The Steward of the Sluice

Our resident craftsman, Ron Campbell, recently installed two new sluice gates and restored the lifting and lowering mechanisms on our hydro-turbine’s head race. Let’s break that down.

About 10 percent of our power at Centerbrook is generated by a low-head hydropower turbine. Installed in 1982, the turbine in the basement of our mill building uses the infrastructure that once harnessed waterpower to run machinery that manufactured drill bits. A “head race” diverts water from our pond to the turbine, through which it flows before exiting the “tail race” into the Falls River below. The diverted water collects in a concrete tank with a hydraulically-actuated control switch.

We clean the tank and a screen that catches debris (and the occasional northern water snake) before it enters the turbine.
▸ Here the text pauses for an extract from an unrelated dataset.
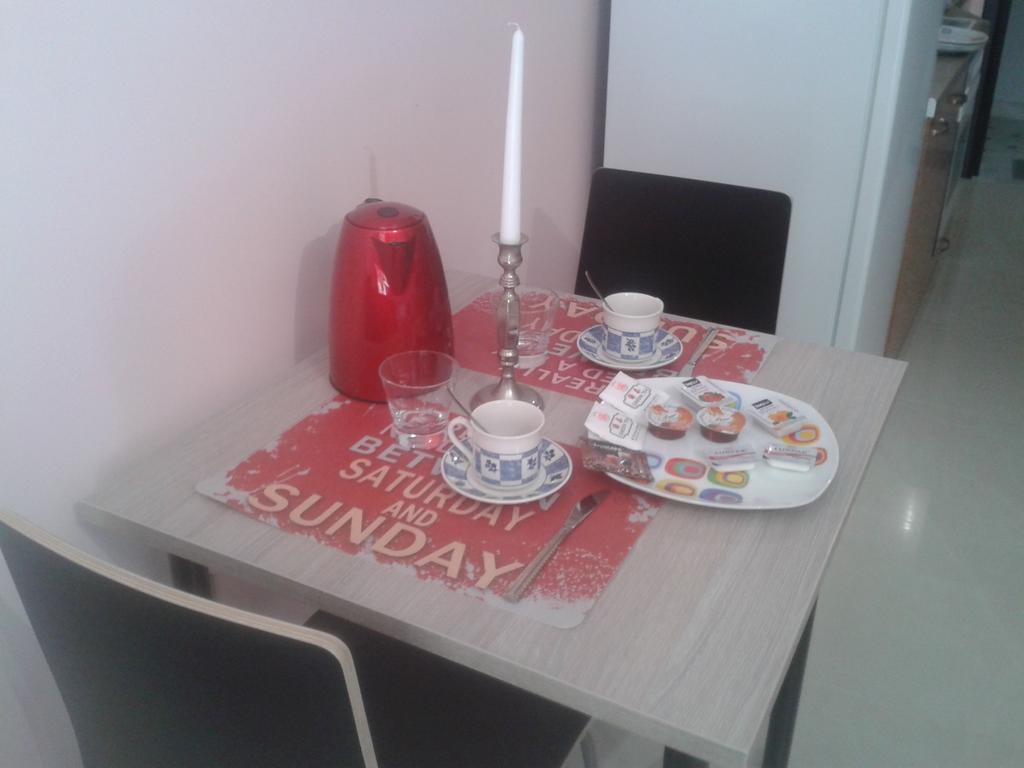 Super 36Sqm Junior Suite In Luxurious Picturesque Area Pireo Esterno foto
That’s where the upstream gates come in–they shut the inlets, stopping the water flow so we can drain the tank and do the maintenance. Problem was, the long-submerged gates leaked.

Enter Ron.

He planned to remove the gates by hand and rigged up a brace to hold them in place as they came out. Concerns about safety led him to instead enlist arborist Town Burns, who brought in a crane mounted on a flat-bed truck. Lashed to a harness, the gates came out in short order.

Using the old gates as templates, Ron fabricated new ones out of sturdy white oak, fastened together with stainless steel hardware. He restored the rack-and-pinion lifting and lowering mechanisms, which involved welding a broken toggle and fabricating new pinion gears. Asterisk, Inc. helped with this, cutting steel with a water jet. Ron sandblasted all the parts and finished them with a two-part epoxy-based blue/gray paint.